This case considers an appeal against an arbitration award concerning whether health claims from persons involved in cleaning up the 9/11 World Trade Center site should be considered to be multiple claims or should be aggregated as losses or liabilities arising from the terrorist event. The underlying health claims were submitted by workers who became ill after they were not provided respirators or “properly trained” in the conduct of cleanup of debris from the World Trade Center site.
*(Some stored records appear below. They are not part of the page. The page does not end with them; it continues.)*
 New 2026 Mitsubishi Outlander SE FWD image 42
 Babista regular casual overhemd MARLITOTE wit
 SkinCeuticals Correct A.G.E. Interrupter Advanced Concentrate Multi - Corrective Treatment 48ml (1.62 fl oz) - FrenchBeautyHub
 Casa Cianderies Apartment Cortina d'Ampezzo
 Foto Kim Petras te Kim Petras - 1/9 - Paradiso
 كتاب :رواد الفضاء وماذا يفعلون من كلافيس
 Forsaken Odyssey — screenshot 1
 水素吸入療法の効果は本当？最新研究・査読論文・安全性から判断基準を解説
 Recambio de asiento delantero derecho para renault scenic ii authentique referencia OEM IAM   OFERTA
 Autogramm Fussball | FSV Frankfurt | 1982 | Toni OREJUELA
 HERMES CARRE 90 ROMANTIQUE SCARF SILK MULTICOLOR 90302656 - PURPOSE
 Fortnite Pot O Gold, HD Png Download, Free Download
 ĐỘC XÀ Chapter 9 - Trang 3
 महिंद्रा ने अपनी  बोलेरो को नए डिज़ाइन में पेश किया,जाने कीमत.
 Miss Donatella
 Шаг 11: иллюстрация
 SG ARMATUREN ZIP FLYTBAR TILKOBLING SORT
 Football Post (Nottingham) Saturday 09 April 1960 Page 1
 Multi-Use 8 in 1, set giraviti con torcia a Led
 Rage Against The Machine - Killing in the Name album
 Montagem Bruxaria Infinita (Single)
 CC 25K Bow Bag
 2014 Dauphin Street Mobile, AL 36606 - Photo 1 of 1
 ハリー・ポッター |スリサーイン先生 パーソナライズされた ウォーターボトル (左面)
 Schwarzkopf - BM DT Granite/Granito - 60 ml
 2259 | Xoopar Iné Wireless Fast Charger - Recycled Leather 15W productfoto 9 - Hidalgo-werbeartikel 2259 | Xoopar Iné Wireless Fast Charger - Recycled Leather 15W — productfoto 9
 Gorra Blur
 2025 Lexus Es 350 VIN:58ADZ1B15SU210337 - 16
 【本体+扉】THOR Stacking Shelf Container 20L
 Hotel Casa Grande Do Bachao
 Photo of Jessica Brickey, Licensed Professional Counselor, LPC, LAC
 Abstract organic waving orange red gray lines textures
The court described the claims as “a single event disassociated from the negligence which gave rise to the underlying liability claims.” The appeal described the issue on appeal as being: “Where the insured’s liability arises as a result of a continuing state of affairs (the failure to provide a safe system of work and equipment to multiple workers, working in disparate places over an extended period) is this to be treated as “a single event” of negligence or does the relevant event only arise when the harm giving rise to the insured’s liability occurs?”
The arbitrators concluded that the health claims could be aggregated under the applicable reinsurance contract and that the reinsurers would bound to indemnify with respect to paid health claims. The arbitrators’ analysis of the issue, and the court’s discussion, focused on the nature of the causal link between the terrorist attacks and the health claims of the cleanup personnel. The arbitrators employed a “but for” causation test rather than a “proximate cause” test, and looked to determine whether the terrorist event was a “significant cause” of the losses. Determining whether there was a “sufficiently significant causal connection” between the terrorist attack and the health injuries involved an exercise of judgment by the arbitrators. The court found that the arbitrators carefully considered the facts, the applicable law and the contracts in making their decision, and that they could have properly reached the decision they reached. Therefore, the appeal was not allowed.
Simmonds v. Gammell,  EWHC 2515 (Commercial Court, Queen’s Bench Division Oct. 14, 2016).